Is ChatGPT Transforming Academics' Writing Style? (2404.08627v2)

Published 12 Apr 2024 in cs.CL, cs.AI, cs.DL, and cs.LG

Abstract: Based on one million arXiv papers submitted from May 2018 to January 2024, we assess the textual density of ChatGPT's writing style in their abstracts through a statistical analysis of word frequency changes. Our model is calibrated and validated on a mixture of real abstracts and ChatGPT-modified abstracts (simulated data) after a careful noise analysis. The words used for estimation are not fixed but adaptive, including those with decreasing frequency. We find that LLMs, represented by ChatGPT, are having an increasing impact on arXiv abstracts, especially in the field of computer science, where the fraction of LLM-style abstracts is estimated to be approximately 35%, if we take the responses of GPT-3.5 to one simple prompt, "revise the following sentences", as a baseline. We conclude with an analysis of both positive and negative aspects of the penetration of LLMs into academics' writing style.

PDF HTML Abstract

Assessing ChatGPT's Influence on Academic Writing Through arXiv Abstracts

Introduction

The infiltration of ChatGPT in academic writing has become a focal point of investigation due to its burgeoning usage across various fields.
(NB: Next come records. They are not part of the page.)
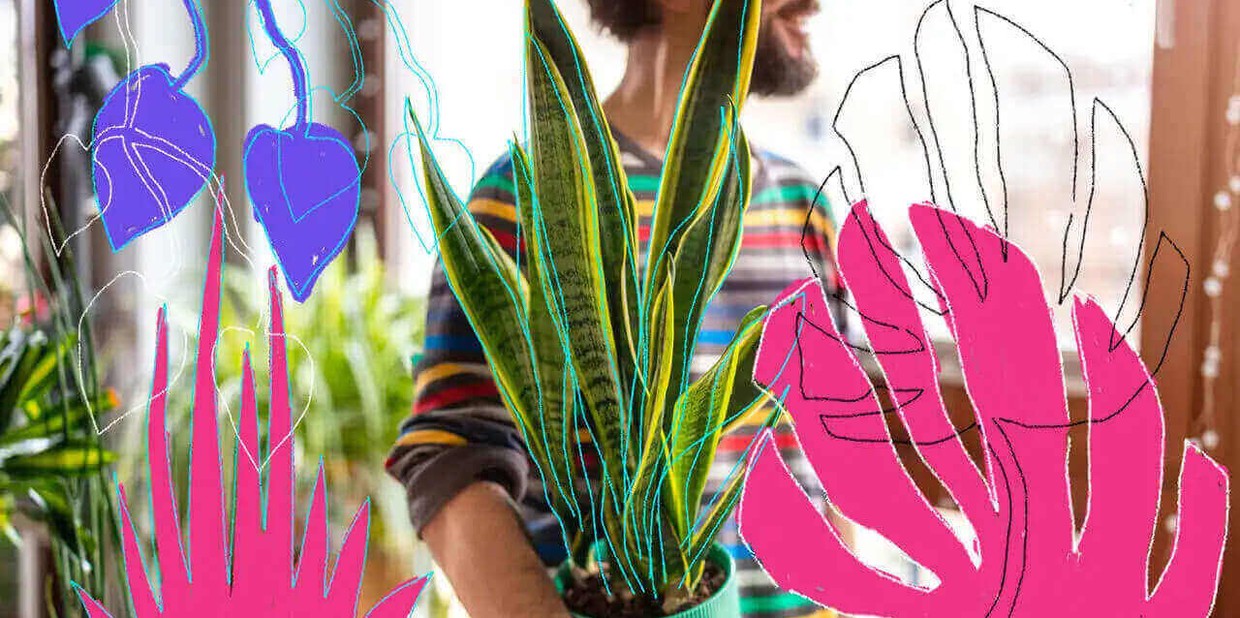 Cuidar de plantas beneficios saude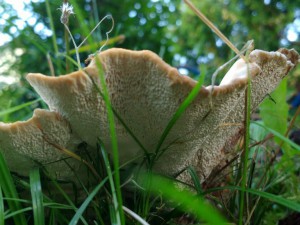 IMG_20160814_183434653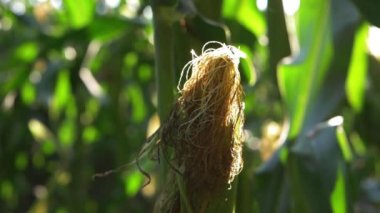 Çiftçilerin tarlasında olgunlaşan mısır ekinleri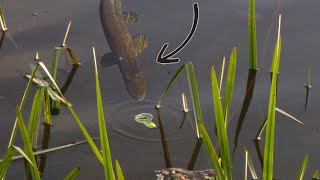 Watch This Baby Frog get BLOWN UP over and over by Canal Pike! screenshot 4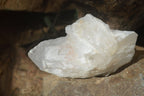 Natural White Candle Quartz Crystals  x 3 From Madagascar - Toprock Gemstones and Minerals 
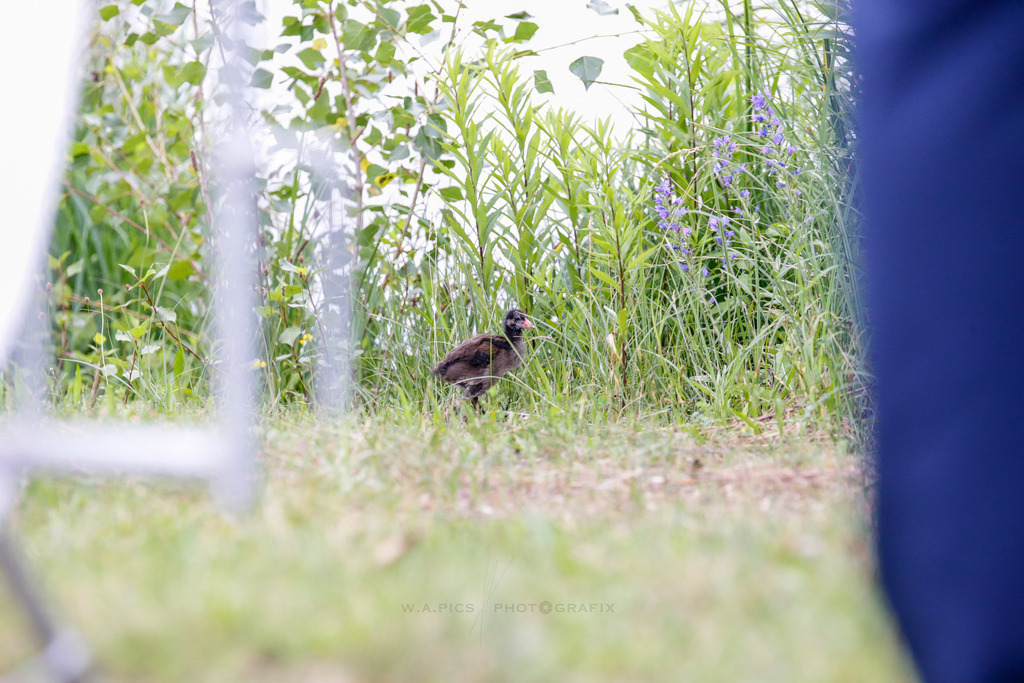 ..... | LINZ,AUSTRIA, 23.06.24, ÖGK Frauenlauf Linz  , Image shows: Photo: WAPICS / Andreas Willdoner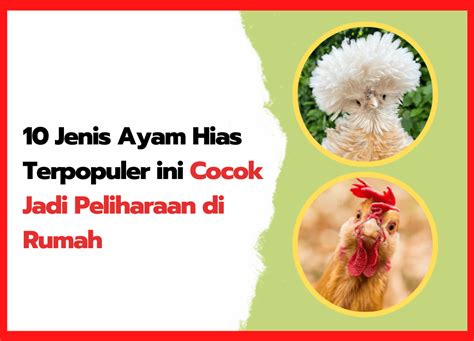 10 Jenis Ayam Hias Populer yang Cocok Jadi Peliharaan di Rumah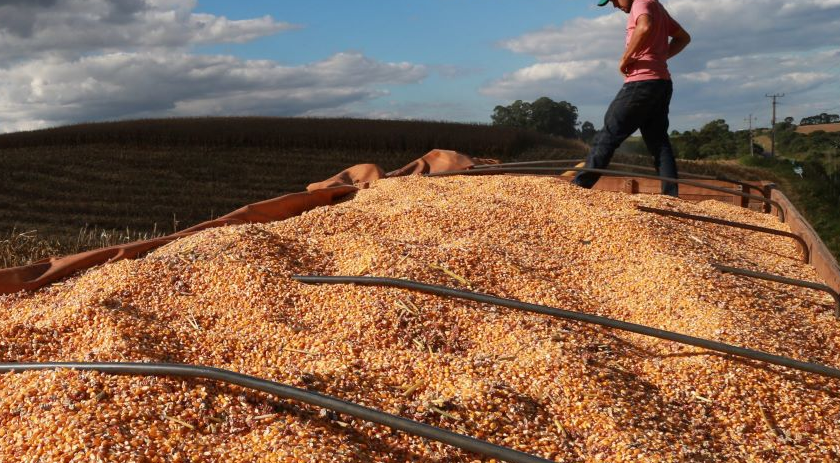 Safra de milho em SC aponta para recorde e pode superar 2,4 milhões de toneladas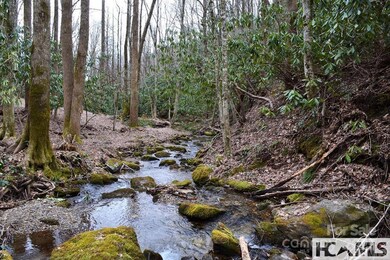 117 Speckled Feather Pass, Sapphire, NC 28774 - photo 4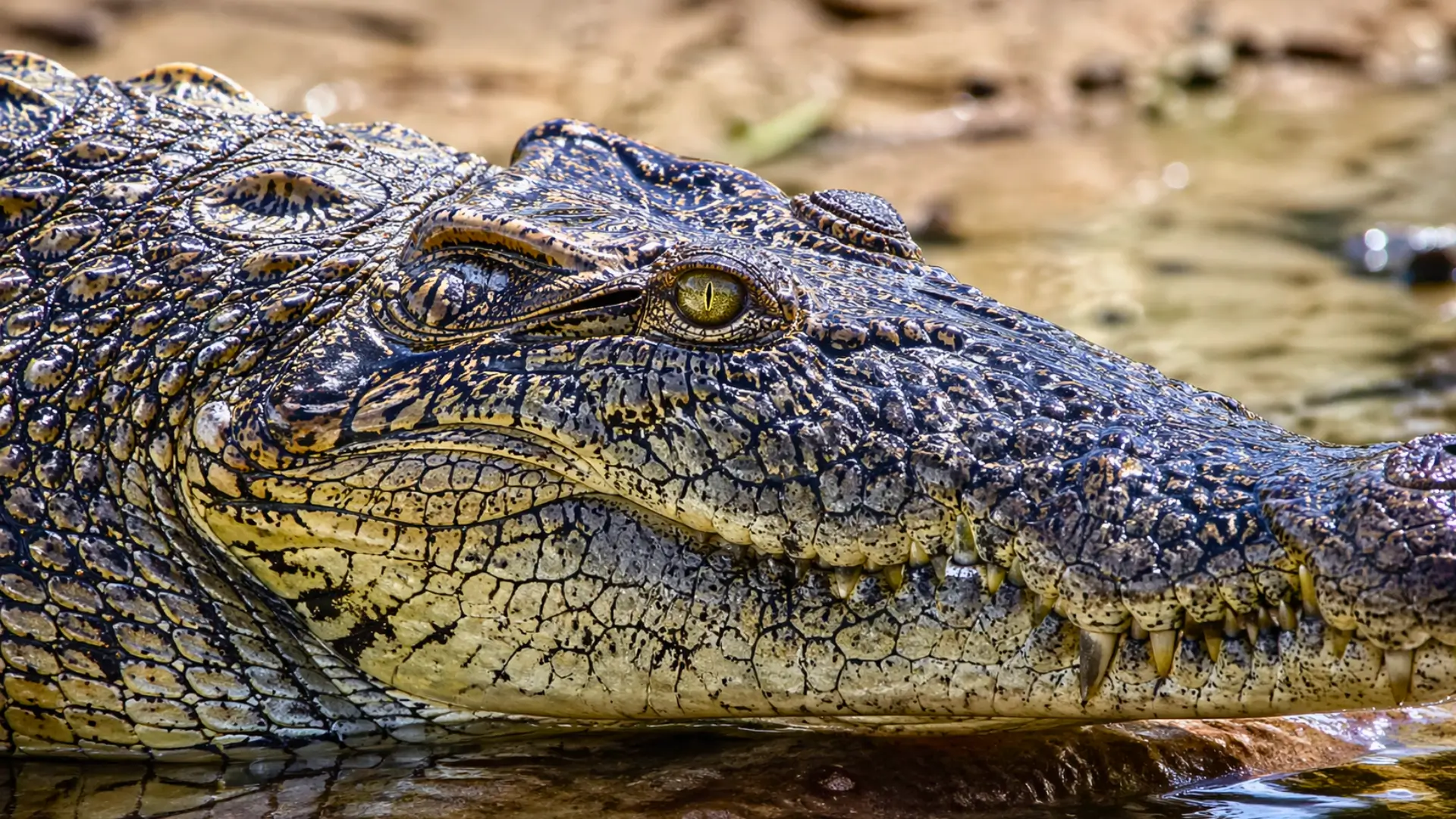 Gros plan tête de crocodile avec écailles polygonales irrégulières et texture détaillée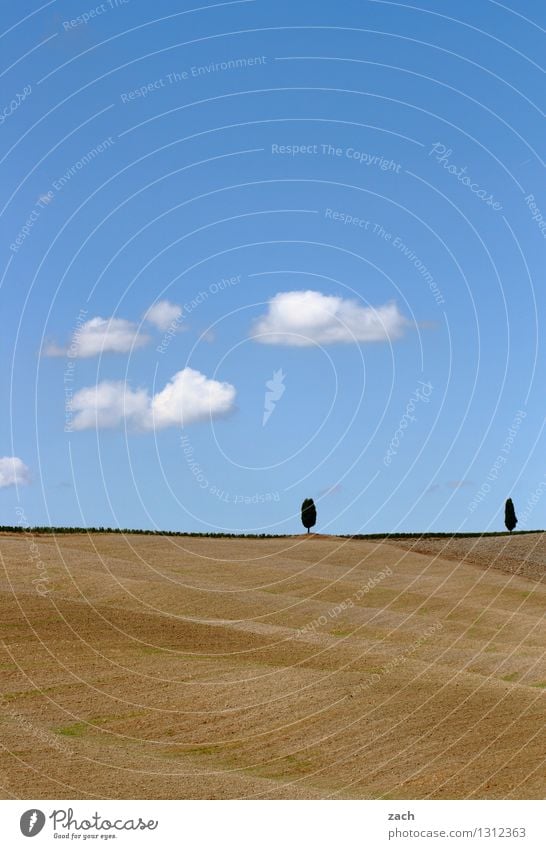 duet Environment Nature Landscape Earth Sand Sky Clouds Summer Beautiful weather Drought Tree Cypress Field Hill Italy Tuscany Growth Blue Yellow Loneliness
Mingmeng Geng and Roberto Trotta explore this domain by analyzing the textual transformation in one million arXiv abstracts from May 2018 to January 2024. Their paper leverages statistical analysis to discern word frequency changes, attributing these shifts to the growing integration of ChatGPT in the drafting and revision of academic abstracts. Primarily, the work sheds light on ChatGPT's prominence in the computer science domain, estimating a 35% revision rate in abstracts which could be correlated with ChatGPT usage based on the simplest interaction prompts with the AI.

Methodology

The novel approach of the paper differentiates between direct and indirect ChatGPT influence on academic writing. Direct application involves utilizing ChatGPT for generating or editing abstracts, while indirect influence captures the adaptation of ChatGPT's writing style by the authors themselves. The dataset comprises one million arXiv articles analyzed to capture the temporal evolution of word frequencies, further supported by a comparative analysis using the Google Ngram dataset. The paper operationalizes the notion of 'ChatGPT style' text through a robust statistical framework that accounts for both the direct application of ChatGPT in abstract creation and the subtler stylistic shifts in academic writing influenced by frequent interaction with the AI model.

Observations and Analysis

Initial findings pinpoint a significant alteration in the frequency of non-specialized words post-2023, a trend inconsistent with the conventional dynamics of academic writing but indicative of ChatGPT's stylistic influence. Notably, the decreased usage of basic words like "are" and "is" post-2023 further corroborates the AI's impact. These linguistic shifts serve as a statistical signature of ChatGPT's growing footprint in academic writing, particularly within the computer science domain.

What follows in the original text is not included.